Captioned web image data:
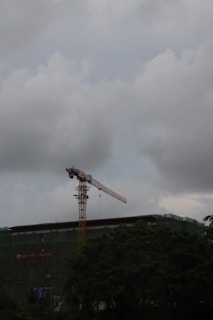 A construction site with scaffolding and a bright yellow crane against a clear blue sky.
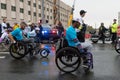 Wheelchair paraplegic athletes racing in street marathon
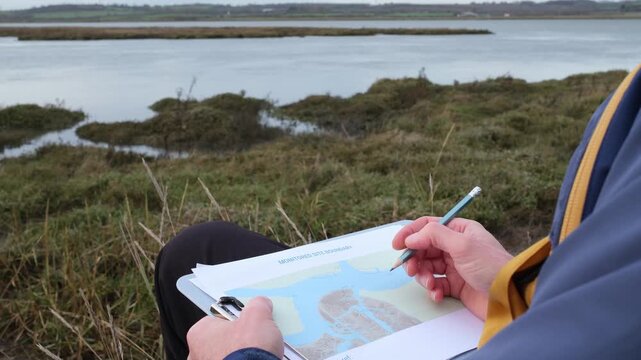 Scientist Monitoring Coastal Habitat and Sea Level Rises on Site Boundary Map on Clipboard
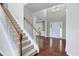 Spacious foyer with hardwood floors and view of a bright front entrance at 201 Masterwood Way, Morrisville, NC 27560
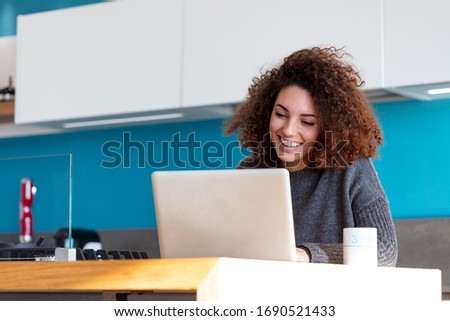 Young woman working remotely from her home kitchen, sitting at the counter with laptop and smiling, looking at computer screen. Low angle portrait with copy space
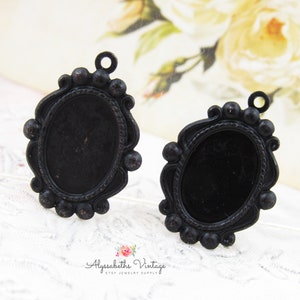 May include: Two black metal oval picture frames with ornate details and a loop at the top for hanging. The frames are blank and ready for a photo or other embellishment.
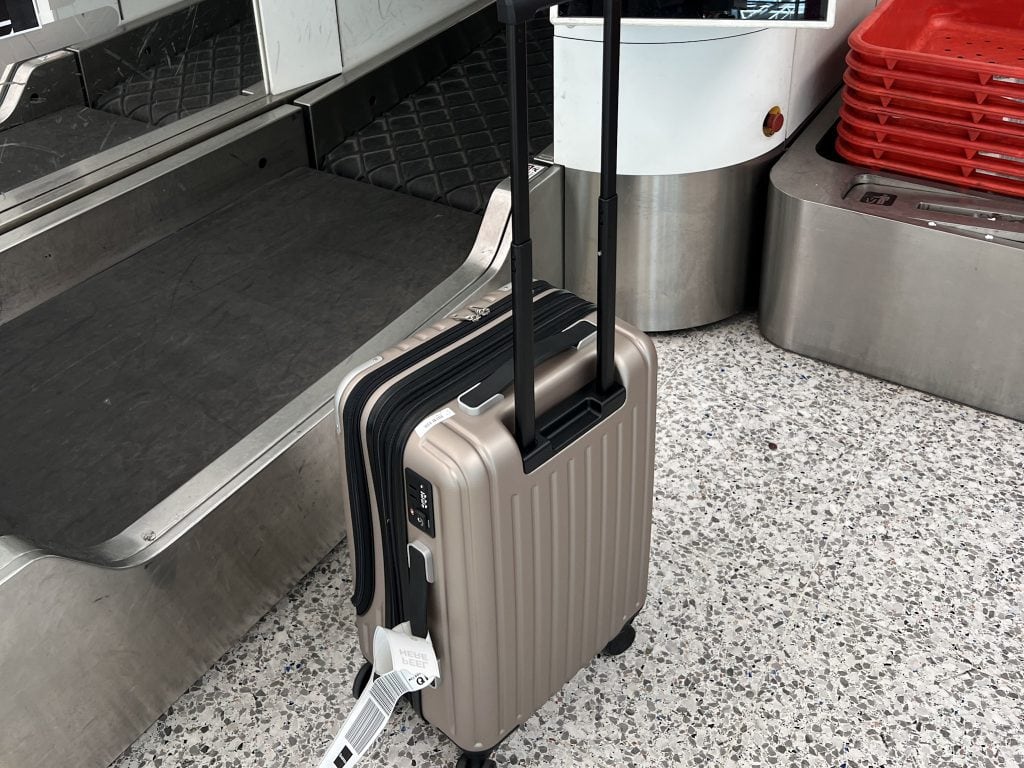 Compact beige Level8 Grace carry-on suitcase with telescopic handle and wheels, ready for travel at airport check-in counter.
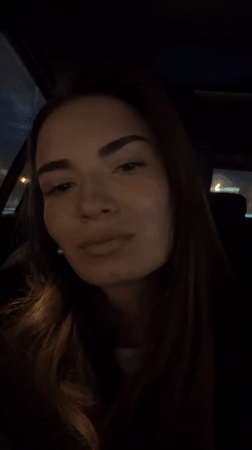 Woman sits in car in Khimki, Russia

#### [Work instruction]
Keep the pictures out of the copy and write out the data exactly as it stands.

#### [Exercise answer]
 A construction site with scaffolding and a bright yellow crane against a clear blue sky.
 Wheelchair paraplegic athletes racing in street marathon
 Scientist Monitoring Coastal Habitat and Sea Level Rises on Site Boundary Map on Clipboard
 Spacious foyer with hardwood floors and view of a bright front entrance at 201 Masterwood Way, Morrisville, NC 27560
 Young woman working remotely from her home kitchen, sitting at the counter with laptop and smiling, looking at computer screen. Low angle portrait with copy space
 May include: Two black metal oval picture frames with ornate details and a loop at the top for hanging. The frames are blank and ready for a photo or other embellishment.
 Compact beige Level8 Grace carry-on suitcase with telescopic handle and wheels, ready for travel at airport check-in counter.
 Woman sits in car in Khimki, Russia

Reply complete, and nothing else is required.